Generally, monetary policy refers to combination of
measures designed to regulate the values supply and cost of money in an economy
in consonance with the level of economic activity. Monetary policy refers to
the credit control measure adopted by the central bank of a country.
Monetary policy
according to Olumechere (1988) is a deliberate effort by the monetary
authorities to control supply and credit conditions for the purpose of
achieving certain broad economic goals Johnson K (1956) define monetary policy
as policy employing central bank control of the supply of money as an
instrument for achieving the objectives of general economic policy.
According to Salvin
(1999) monetary policy is the use of open market operations change in discount
rate, change in reserve requirement and other measures available to the
monetary authorities to control the rate of growth of money supply. He further
noted that the goals of monetary policy are price stability relative full
employment and satisfactory rate of economic growth. As Akatu
(1993) noted, monetary policy in the Nigeria context encompasses actions of the
central bank of Nigeria that affect the availability and cost of commercial and
merchant bank reserve balances and thereby the overall monetary and credit
condition in the economy. The main objective of such action is to ensure that
over time, the long-run needs of the growing economy at stable prices.
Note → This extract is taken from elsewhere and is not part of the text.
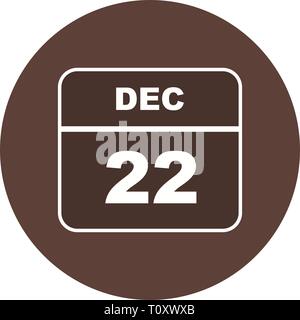 December 22nd Date on a Single Day Calendar Stock Photo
The aim of monetary policy are basically to control
the inflation, maintain a healthy balance of payment positions for the country
in order to safeguard the external value of the national currency and promote
an adequate and sustainable level of economic growth and development. The
formulation is done by the federal government, mostly announced during budget
speeches while the enforcement of the policy is solely the responsibility of
the central bank of Nigeria (CBN) yearly.
Economic growth on the
order hand according to Kindleberger (1965) means more output, while Friedruan
John (1972) defines growth as an expansion of the system in one or more
dimensions without a change in its structure, and development as an innovative
process leading to the structural transformation of social system.
This economic growth is
related to a quantitative sustained increase in the countries per capital
output or income accompanied by expansion in its labor force, consumption,
capital and volume of trade. An economy on the other hand can be said to be
developed when there is a quantitative and qualitative increase in
the amount and quality of goods and services produced in the country. In its
widest aspect economic growth and development implies raising the standard of
living of the people and reducing inequalities in income distribution.
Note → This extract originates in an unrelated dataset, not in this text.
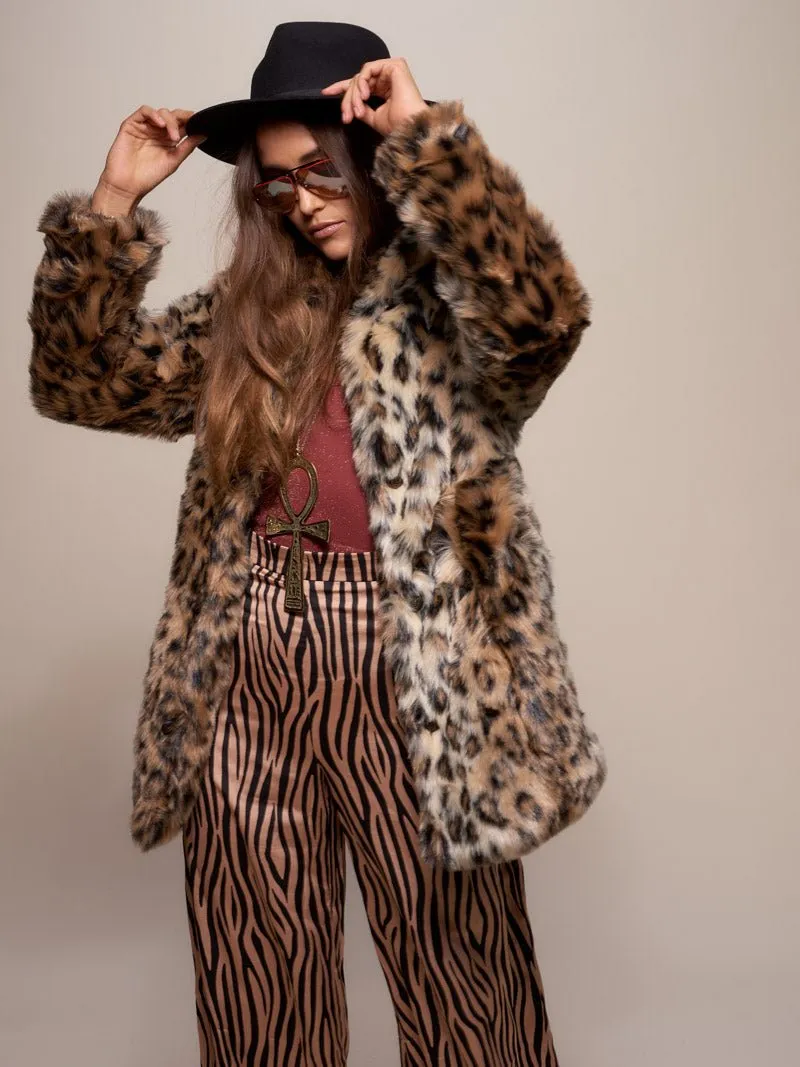 Leopard Collared Faux Fur Coat | Women's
According to Michael P. Todaro/ Stephen
C. Smith (2011) development is the process of improving the quality of all
human lives and capabilities by raising people‟slevelsofliving, self-esteem,
and freedom.
In most countries the
central bank is saddled with the responsibility of conducting monetary policy.
In the case of Nigeria, the responsibility entirely lies with the central bank
of Nigeria (CBN). The discretionary control of money stock by the monetary
authority involves the expansion or contraction of money, influencing interest
rate to make money cheaper or more expensive depending on the prevailing
economic situation.
The evaluation of
monetary policy intends to show how this macroeconomic policy is formulated and
executed in practice particularly in an environment of federal government
fiscal dominance and highly liquid banks.
Between April 1992 and March 1976, the use of an
aggregate credit ceiling was dropped for specification on several distribution
of bank credit throughout the period they also served quitted effectively as
instruments of monetary control.
The situation was particularly serious
between 1982 and 1985 when stringent economic controls were not effectively
used in arresting the deteriorating situation. In-evitable a
period of economic adjustment has to come with the introduction of the
structural adjustment programmed1 in July 1986. Te overall aim of the economic
adjustment process embarked upon by the federal government in July 1986 was to restructure
the federal production and consumption pattern of the economy the elimination
of price distortion and reduction of the over dependence of the economy on the
export of crude oil and impart the raw materials and consumer goods.
In the course of these
project, detailed attention will be paid to monetary policy in which its frame
work and implementation will be analyzed and its impact on economic growth in
the period of 1930 to 2010.
1.2 STATEMENT OF THE
PROBLEM
The monetary policy implementations in
the economy over the past years were detrimental to, and inconsistent with the
development needs of economy. This concern has exerted pressures on the view to
finding possible solutions. As
a result of this the
structural adjustment program was introduces in the economy and to liberalized
the financial system.According to Anyanwu (1993) monetary policy is a major
economic stabilization weapon which involves measures designed to regulate and
control the volume, cost, availability and direction of money and credit in an
economy to achieve macroeconomic objectives or goals. The
problem lies on making use of policy that will solve the economic problems
instead of the economy to have low level 1of investment, income and also the
level of demand and supply will reduce.